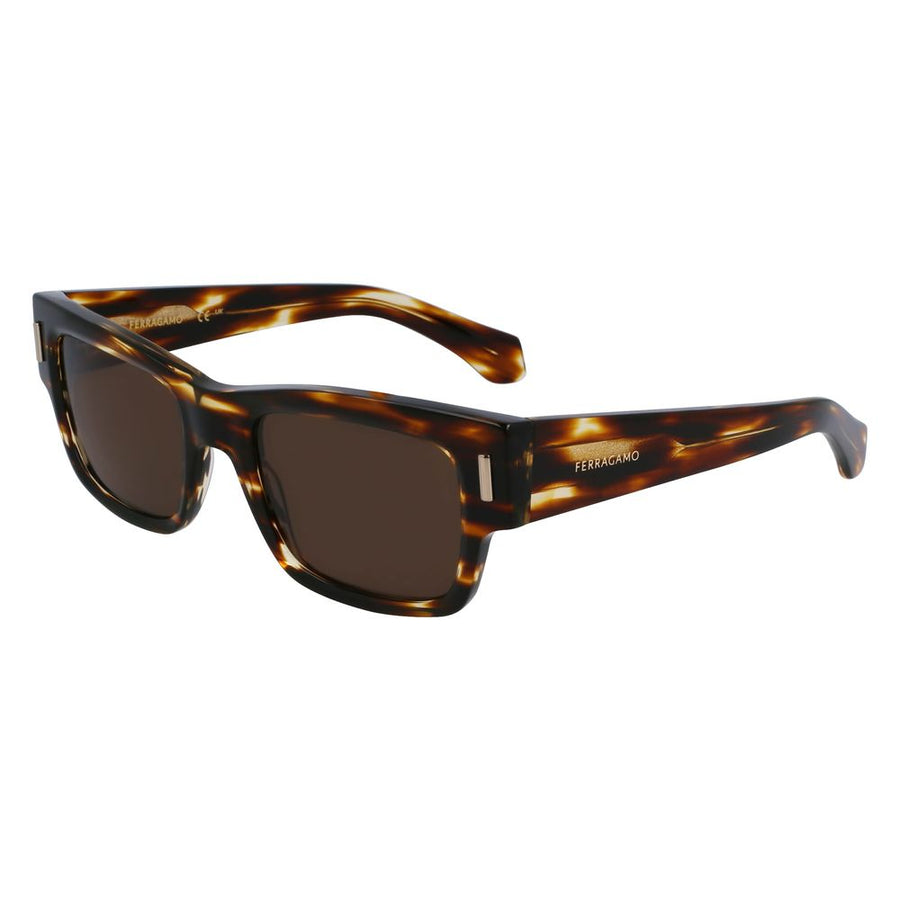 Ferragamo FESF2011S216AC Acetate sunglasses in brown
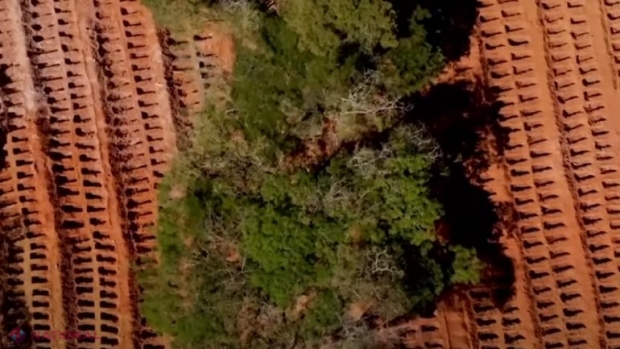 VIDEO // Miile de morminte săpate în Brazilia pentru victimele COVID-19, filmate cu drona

+--

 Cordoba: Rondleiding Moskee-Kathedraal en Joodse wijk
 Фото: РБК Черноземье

+--

# The problem
From the records above, give again exactly the lines running from the line with "Cordoba: Rondleiding Moskee-Kathedraal" to the line with "Фото: РБК Черноземье", inclusive.

# Written answer
 Cordoba: Rondleiding Moskee-Kathedraal en Joodse wijk
 Фото: РБК Черноземье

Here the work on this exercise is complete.